Años después de la muerte del director sueco por antonomasia, Ingmar Bergman, el cine nórdico está más de moda que nunca; y lo está gracias a su personalísimo universo y la singular entidad de la mayoría de sus producciones. La espléndida Headhunters (Morten Tyldum, 2011) viene a sumarse a esa liga de grandes películas que, de cuando en cuando, nos llegan del norte de Europa, como En un mundo mejor (Susanne Bier, 2010), Siempre feliz (Anne Sewitsky, 2010) y, sobre todo, la que es en muy buena medida la responsable de esta especie de revitalización del cine nórdico noir en la última década: el fenómeno interplanetario de la trilogía Millenium, adaptación de los best sellers de Steig Larsson. Headhunters, el tercero de los largometrajes de un director consagrado con este genuino ejercicio de suspense, se erige como un notorio ejemplo de thriller europeo de calidad. Basado en la novela homónima del sueco Jo Nesbo, uno de los máximos referentes de novela negra en la actualidad, estamos ante un film tan exento de prejuicios como provocativo; un espectáculo violento, sexual y trepidante a partes iguales en el que, sin dar un segundo de tregua al espectador, aborda el descenso a los infiernos de un hombre consumido por la ambición.

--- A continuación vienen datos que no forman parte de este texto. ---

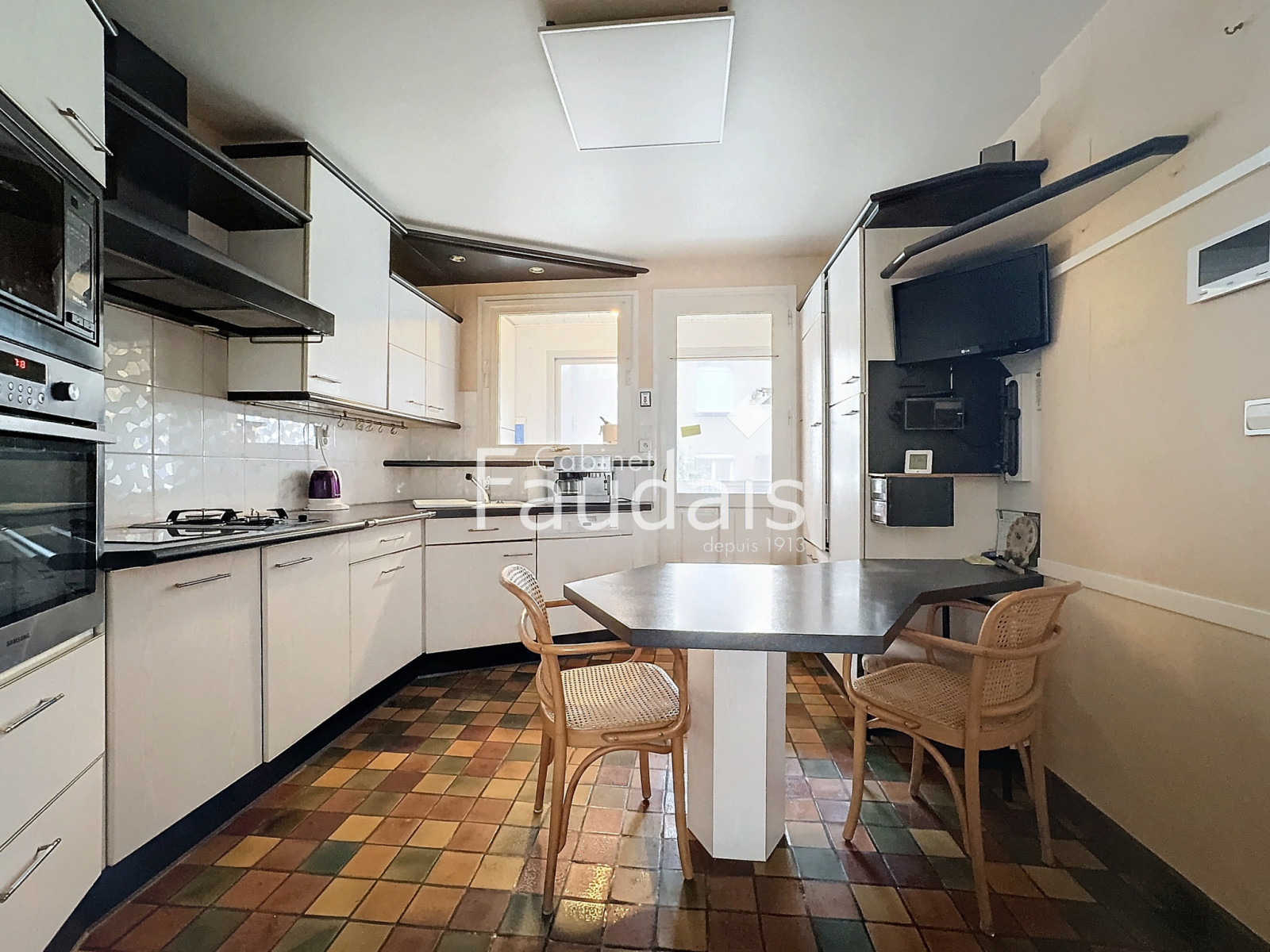 
                                                Vente
                                                 Maison 154 m2 centre ville de Saint-Lô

El protagonista en cuestión es Roger Brown (Aksel Hennie), un cazatalentos que para mantener su alto nivel de vida se dedica a robar obras pictóricas; cuando su esposa Diana, propietaria de una galería de arte, le presenta a Clas Greve (Nicolaj Coster-Waldau, popular rostro televisivo gracias a Juego de Tronos), propietario de una pintura de gran valor, Roger se prepara para dar el golpe definitivo, aquel que le lleve definitivamente a la independencia económica. Excusa argumental para ofrecer el interesante relato de cómo la codicia puede ennegrecer el alma; en esta línea, Headhunters ilustra la extraordinaria radiografía de un hombre, de acomoda posición social, al que su afán desmedido por el lujo le lleva a -literalmente- a sumergirse, cual cloaca de alcantarilla, en esa letrina de heces, áspera metáfora de la pérdida de dignidad así como de cualquier rastro de moralidad en el que se verá inmerso. En relación con esto, cabe destacar el empeño del director por dotar de humanidad a Roger -ese monólogo que le recita a su pareja sentimental en el tramo final de función-, por mucho que el sentido común nos impida comulgar con una filosofía de vida ajena a cualquier atisbo de racionalidad.
A grosso modo, la lectura más certera que se puede hacer del film es que los actos de cada persona serán los que condicionarán su futuro; un destino, por tanto, ajeno a cualquier orden preestablecido y en el que cada individuo acabará recogiendo lo que ha sembrado. Siempre se puede optar por el camino fácil -corrupción, delincuencia- y el camino difícil -esfuerzo, trabajo y sacrificio-; por muy fuertes que sean las presiones externas, Tyldum nos recuerda que siempre será el sujeto en sí quien tenga la última palabra. Para elaborar este mensaje, verdadera razón de ser del film, se hace un buen manejo del suspense y se dosifican con habilidad unos golpes de efectos verdaderamente inesperados, lo que lo confiera a la cinta un agradable aire de imprevisibilidad. Otra de las bazas de la película es que, a pesar de que el rol principal -al que hay que elogiar el extraordinario cambio físico al que se somete durante el metraje- desafíe en varias ocasiones la suspensión de la credibilidad -que, demostrando tener más vidas que un gato, se sitúa más cerca de lo divino que de lo terrenal-, nunca deja de respirarse el aire realista; un realismo a lo que contribuye su excelente estética, una fotografía que, de tan fría, llega incluso a helar la sangre y los numerosos toques de ingenio de un guión a veces tramposo, sí, pero en líneas generales bastante efectivo. Para comprobarlo basta saber distinguir las dos partes claramente diferenciadas de la película: en la primera, se refleja el glamour que rodea a Roger y su esposa mientras que, en la segunda, empieza a sucederse esa espiral de violencia y suciedad en la que no tarda en envolverse su protagonista. Ambas partes dirigidas con nervio, con la convicción de aquel que cree en lo que está contando.
Relato asfixiante, por momentos sórdido, Headhunters bebe de películas como Fargo (Joel & Ethan Coen, 1996) y de parte de la filmografía de Hitchcock –dos de los cineastas favoritos de Tyldum-, para terminar erigiéndose, al fin y al cabo, como un eficaz retrato de nuestro tiempo; una sociedad en la que cada vez resulta menos extraño que los medios de comunicación recojan en sus portadas cómo el dinero no sólo es capaz de sacar lo peor de un ser humano, sino de transformarlo en un ser completamente amoral.